Campion studied at Victoria University in Wellington, completing a BA in Anthropology in 1975, before crossing the Tasman Sea to study painting at the Sydney College of the Arts. Campion began making films in the early 1980s, the first of which, Peel (1982), won the Palme d’Or for Best Short Film at the Cannes Film Festival. From this early success Campion completed two more AFI award-winning shorts—1983’s Passionless Moments and A Girl’s Own Story (1984).
Her feature debut, Sweetie (1989) was particularly noted for the bright colouring and oblique composition of its visual design. While recognising the grotesque nature of the suburban environment, it introduced a recurring theme of female mania to her oeuvre. Sweetie competed for the Palme d’Or at that year’s Cannes film festival, and won the Independent Spirit Award for Best Foreign Film and the AFI Award for Best Original Screenplay.
Based on the autobiographies of fellow New Zealander and writer Janet Frame, An Angel at My Table (1990) won several awards, both in New Zealand and internationally, including the Grand Special Jury prize at the Venice Biennale and the FIPRESCI prize at Toronto, which firmly put Campion on the international map.
Her most highly-regarded film, The Piano (1993) was awarded the Palme d’Or at Cannes that year (sharing the prize with Chen Kaige’s Farewell, My Concubine), and won three Oscars®, including Best Screenplay. Campion was also nominated for Best Director for this film, thus making her only the second woman ever to be nominated for that particular award.

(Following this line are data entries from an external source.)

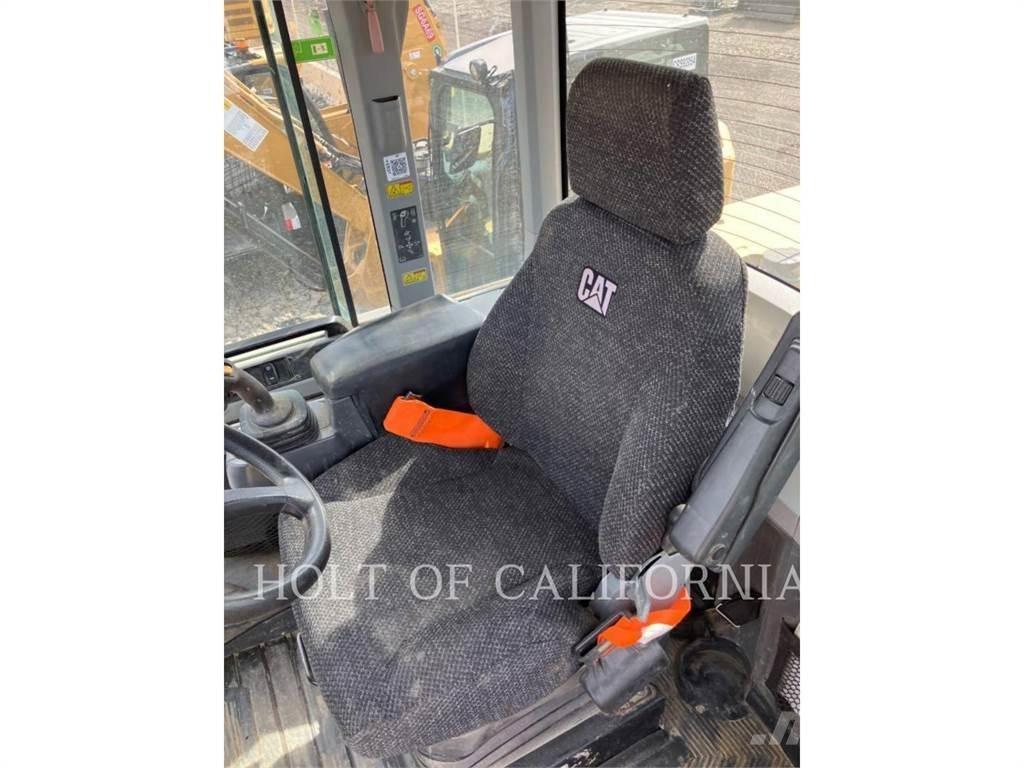 CAT 938 Pyöräkuormaajat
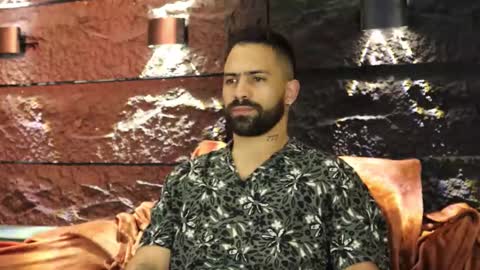 Leo  Diaz online show from 10-05-25, 02:21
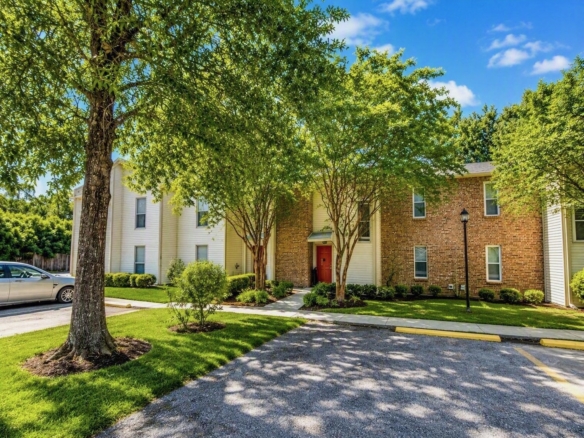 207 Parkview Blvd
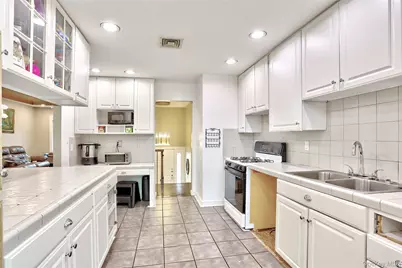 14 Montclair Avenue, Airmont, NY 10952 - Photo 12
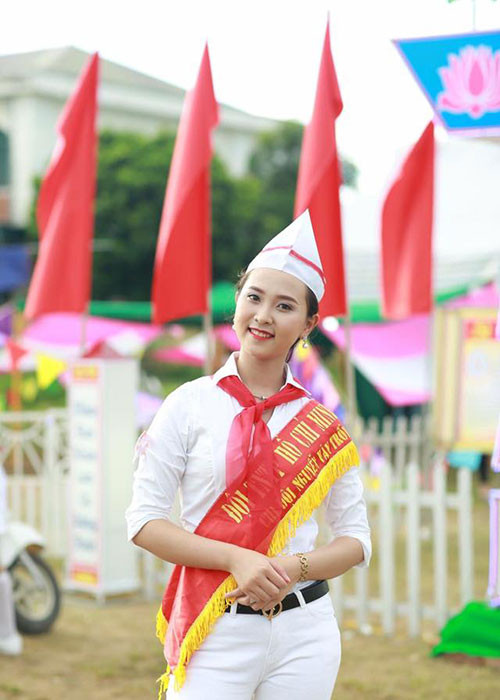 Khi còn học trung học phổ thông, Diệu Ngân là cán bộ Đoàn năng động, tự tin.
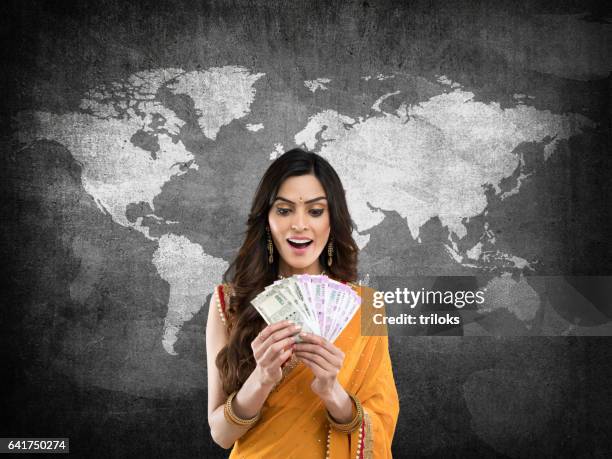 frau holding indische papierwährung - indian money stock-fotos und bilder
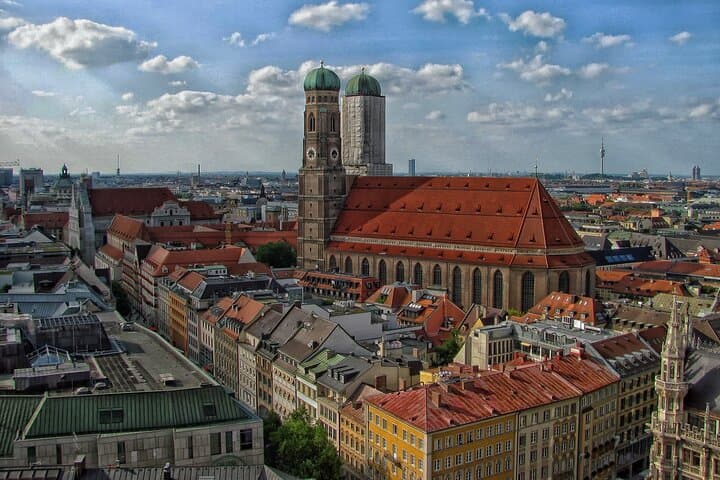 Munich Friendship Quest: Self-Guided Puzzle Adventure Through the City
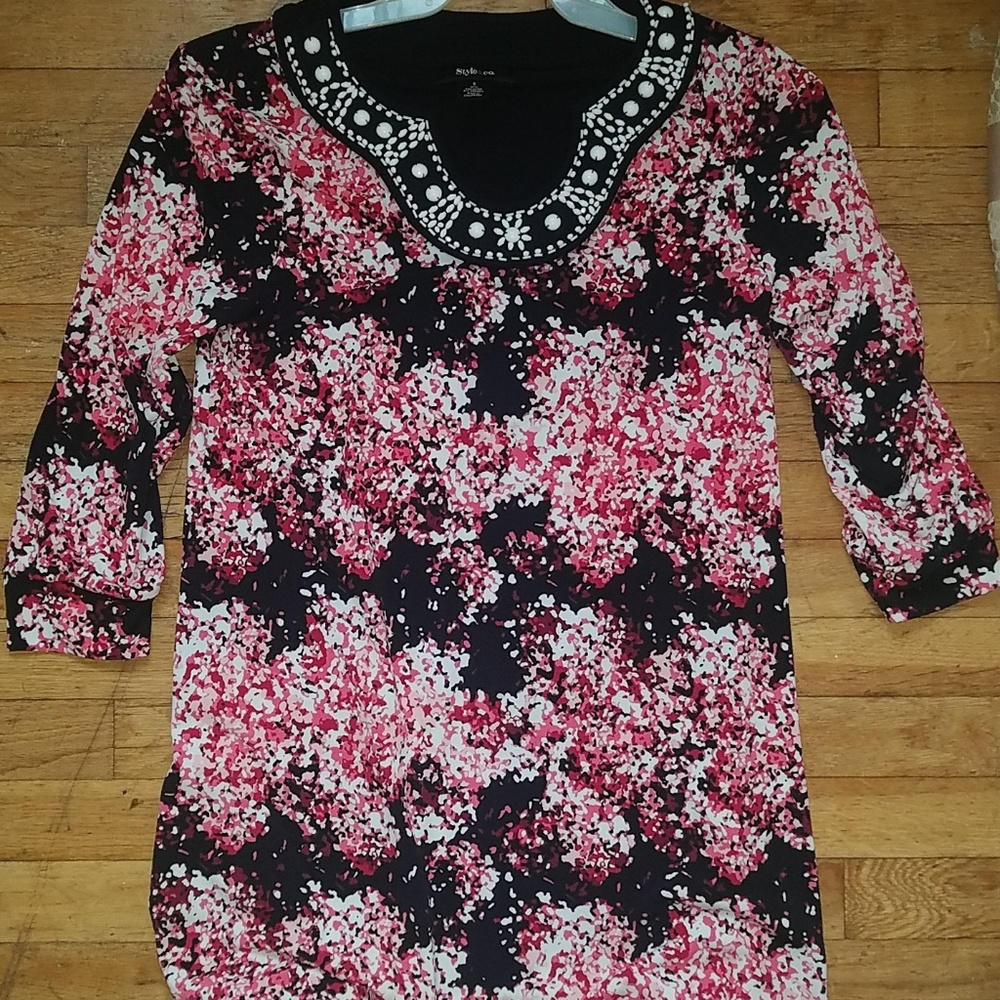 Long shirt from Macy's like new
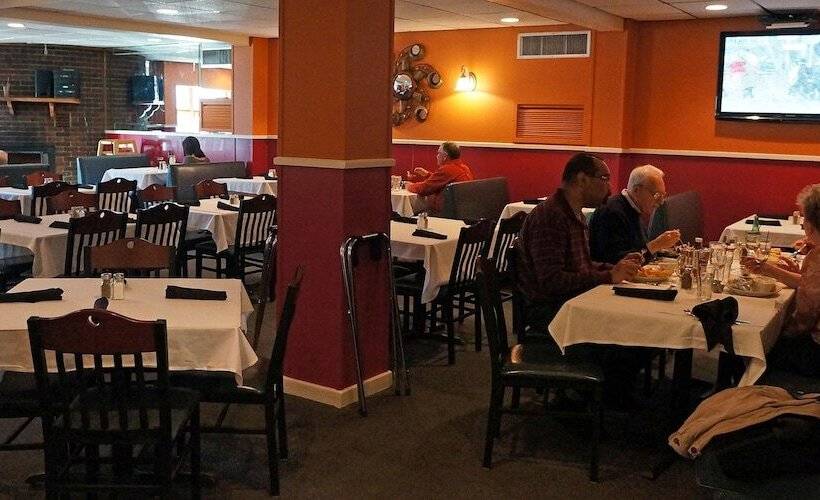 בית מלון כפרי Cold Creek Inn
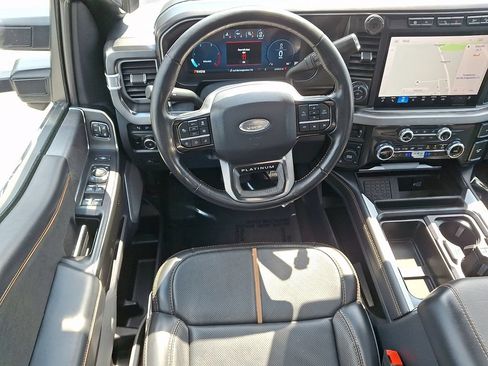Certified 2024 Ford F250 Platinum AWD/4WD image 11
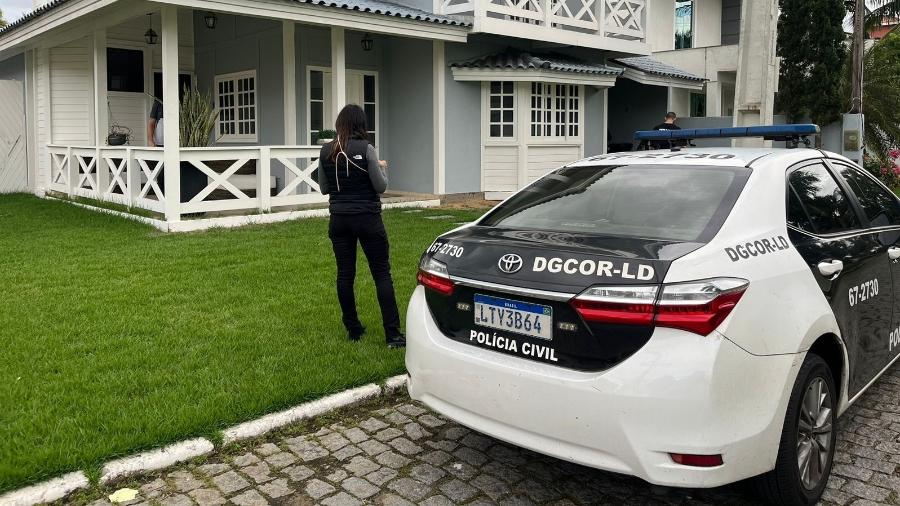Polícia Civil cumpriu mais de 10 mandados de busca e apreensão no estado do RJ Polícia Civil cumpriu mais de 10 mandados de busca e apreensão no estado do RJ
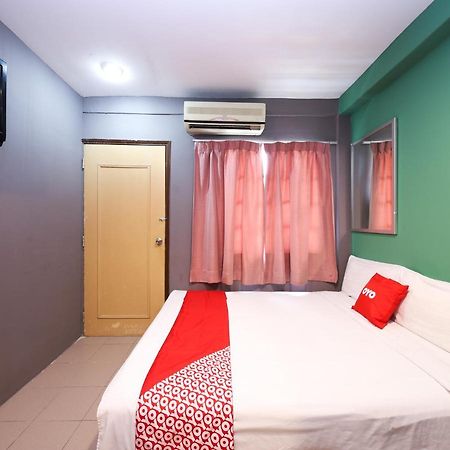 Oyo 89688 Alor Street Hotel Kuala Lumpur Exterior photo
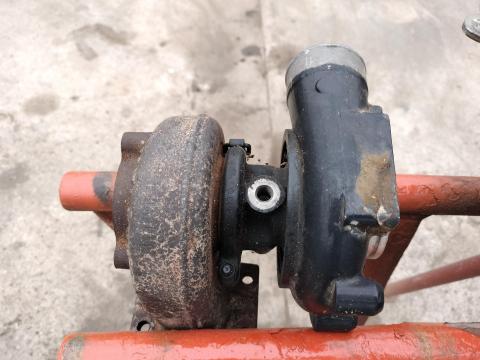 NEW HOLLAND TL 90 A HOLSET turbó kipufogó dobbal NEW HOLLAND TL 90 A HOLSET turbó kipufogó dobbal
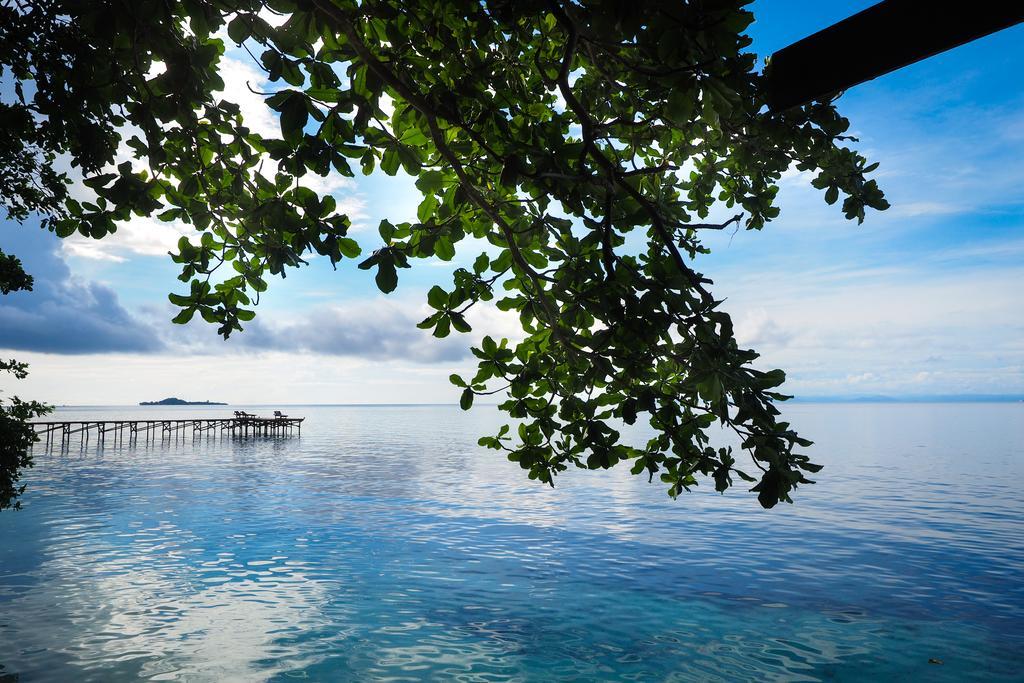 Raja Ampat Dive Resort Tapokreng ภายนอก รูปภาพ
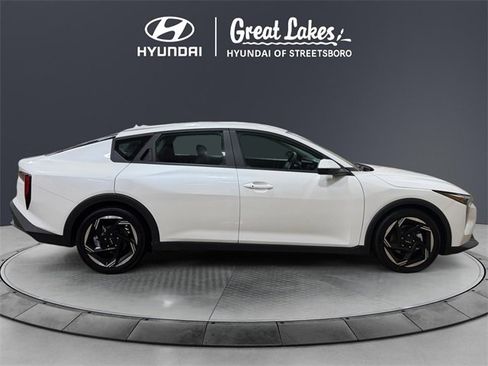 Used 2025 Kia K4 EX image 6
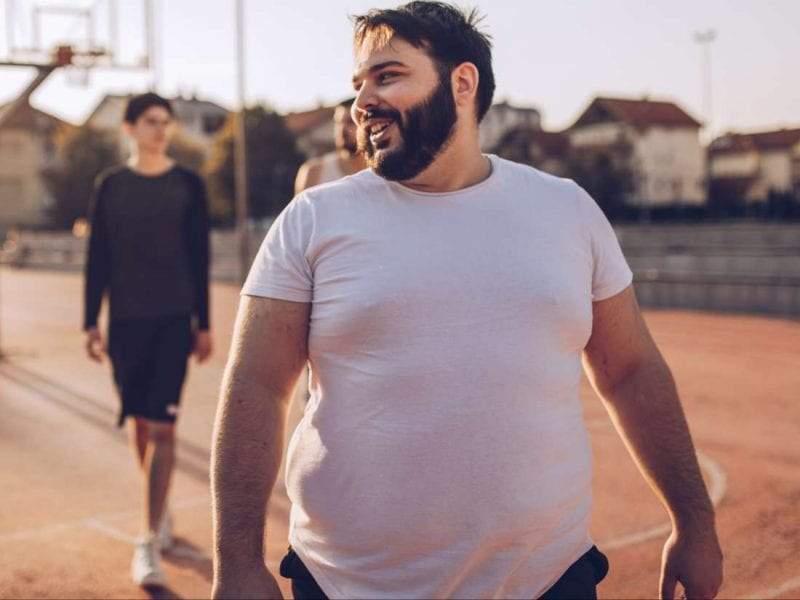 لماذا يؤدي الإنجاب إلى زيادة وزن الرجال؟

Wooed to Hollywood, her adaptation of Henry James’ novel, The Portrait of a Lady (1994) maintained an antipodean connection with Nicole Kidman in the lead role. It was nominated for two Oscars®, but drew criticism for its faithfulness to the original source. Holy Smoke (1999) filmed in South Australia’s Flinders Ranges, and In the Cut (2003), an erotic thriller based on Susanna Moore’s best-selling novel, continue to feature Campion’s signature strong-willed female protagonists. While not necessarily a ‘feminist’ filmmaker, Campion is regarded among the world’s foremost women directors in terms of both subject matter and practice.